Go through the listing below, and from the line containing "1 мая (Травеня)" through its last line, transcribe every line exactly, skipping pictures.
*** Data segment ***
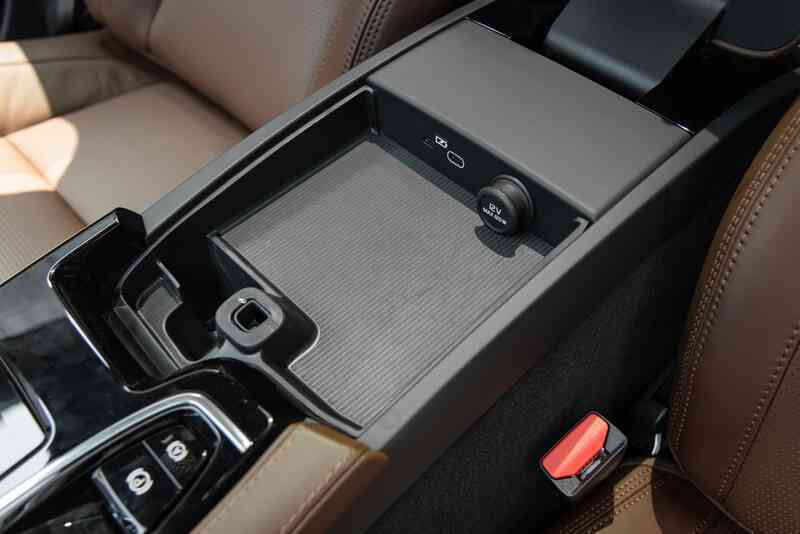 Chi tiết Volvo S90 Recharge vừa ra mắt: Giá 2,89 tỷ đồng, sedan hạng sang cỡ trung rộng và mạnh nhất Việt Nam- Ảnh 8. Chi tiết Volvo S90 Recharge vừa ra mắt: Giá 2,89 tỷ đồng, sedan hạng sang cỡ trung rộng và mạnh nhất Việt Nam- Ảnh 8.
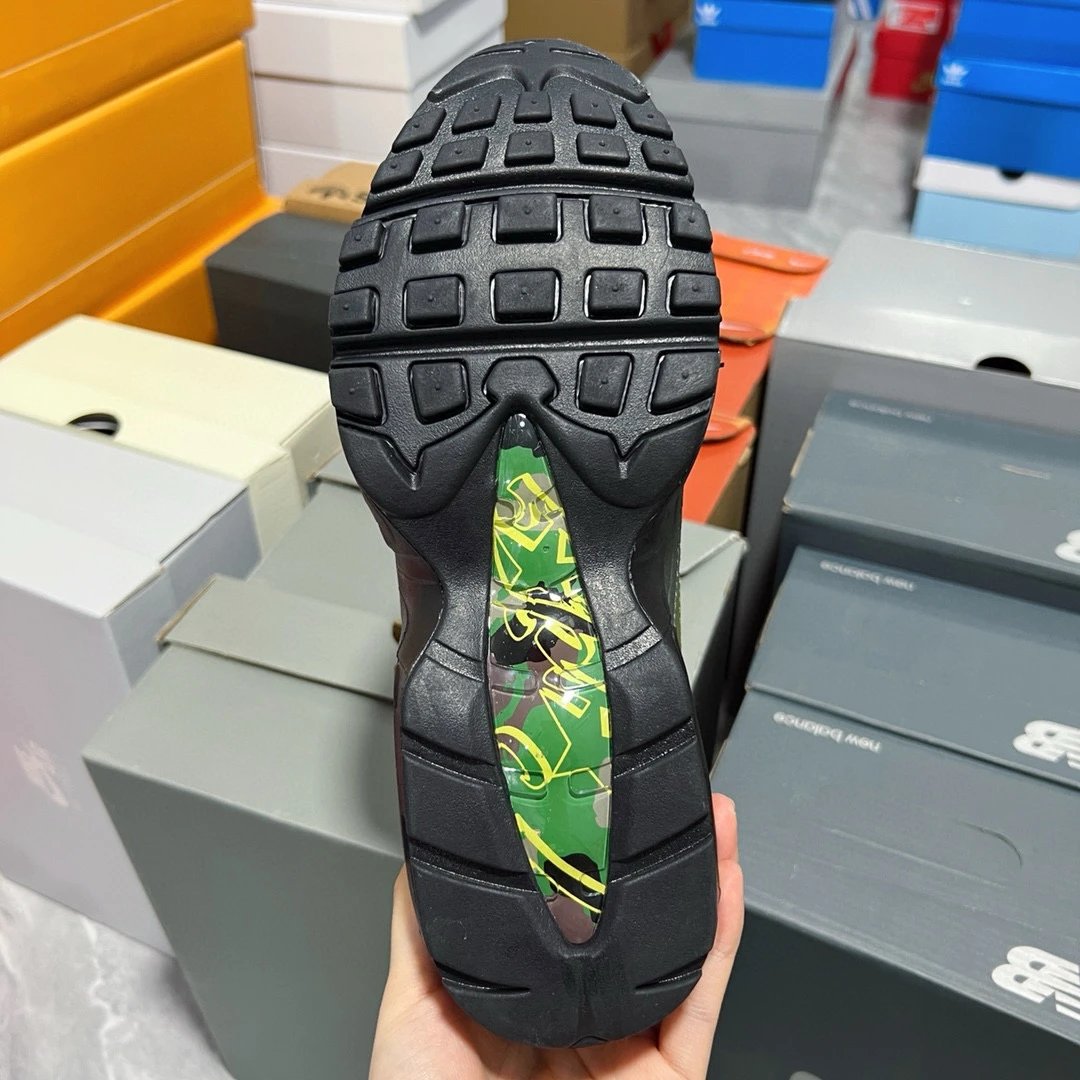 Nike Air Max 95 & Corteiz Olive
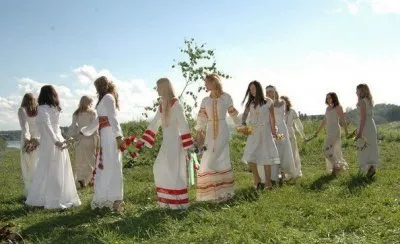 1 мая (Травеня) -  праздник Живин день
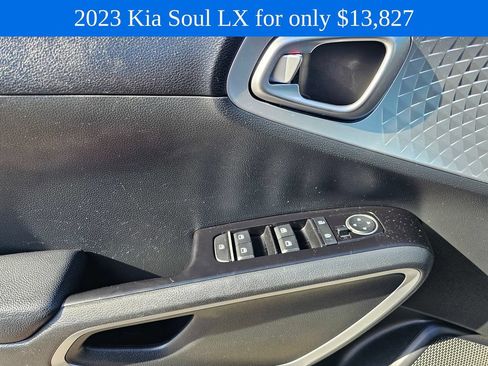 Used 2023 Kia Soul LX w/ LX Technology Package FWD image 21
*** End of Data segment ***
_Solution_.
 1 мая (Травеня) -  праздник Живин день
 Used 2023 Kia Soul LX w/ LX Technology Package FWD image 21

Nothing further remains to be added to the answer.